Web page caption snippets
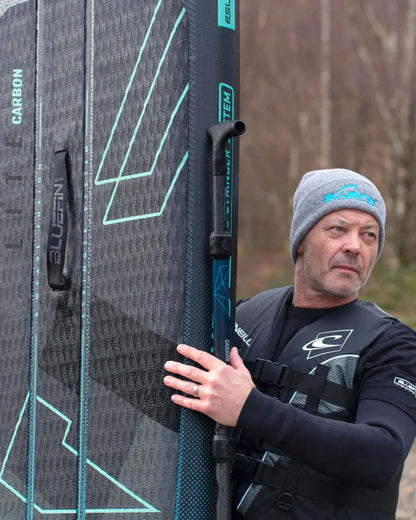 Man in a gray beanie holding a Bluefin inflatable paddleboard with textured surface and fin.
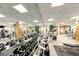 Well-equipped gym features weightlifting machines, dumbbells, and mirrors for a comprehensive fitness experience at 270 E Flamingo Rd # 223, Las Vegas, NV 89169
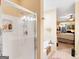 Bright bathroom with a walk-in shower and a soaking tub is visible at 1141 Pebble Creek Ln, Locust Grove, GA 30248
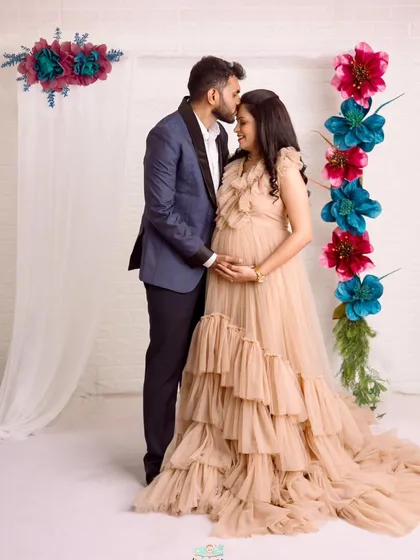A full-length view of this dreamy couple's portrait. The flowing, multi-layered gown creates a fairytale feel for their maternity photos.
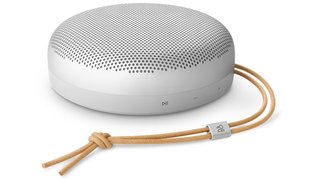 Compact white Bang and Olufsen Beosound A1 portable Bluetooth speaker with leather strap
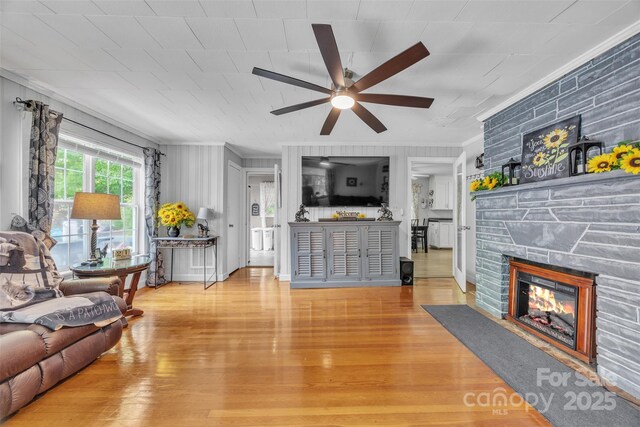 162 Candle St, West Jefferson, NC 28694 - living area featuring crown molding, ceiling fan, a stone fireplace, and wood finished floors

* _TASK ITEM_: Every line above goes into your copy exactly; no images go in.

* _WRITTEN RESPONSE_:
 Man in a gray beanie holding a Bluefin inflatable paddleboard with textured surface and fin.
 Well-equipped gym features weightlifting machines, dumbbells, and mirrors for a comprehensive fitness experience at 270 E Flamingo Rd # 223, Las Vegas, NV 89169
 Bright bathroom with a walk-in shower and a soaking tub is visible at 1141 Pebble Creek Ln, Locust Grove, GA 30248
A full-length view of this dreamy couple's portrait. The flowing, multi-layered gown creates a fairytale feel for their maternity photos.
 Compact white Bang and Olufsen Beosound A1 portable Bluetooth speaker with leather strap
 162 Candle St, West Jefferson, NC 28694 - living area featuring crown molding, ceiling fan, a stone fireplace, and wood finished floors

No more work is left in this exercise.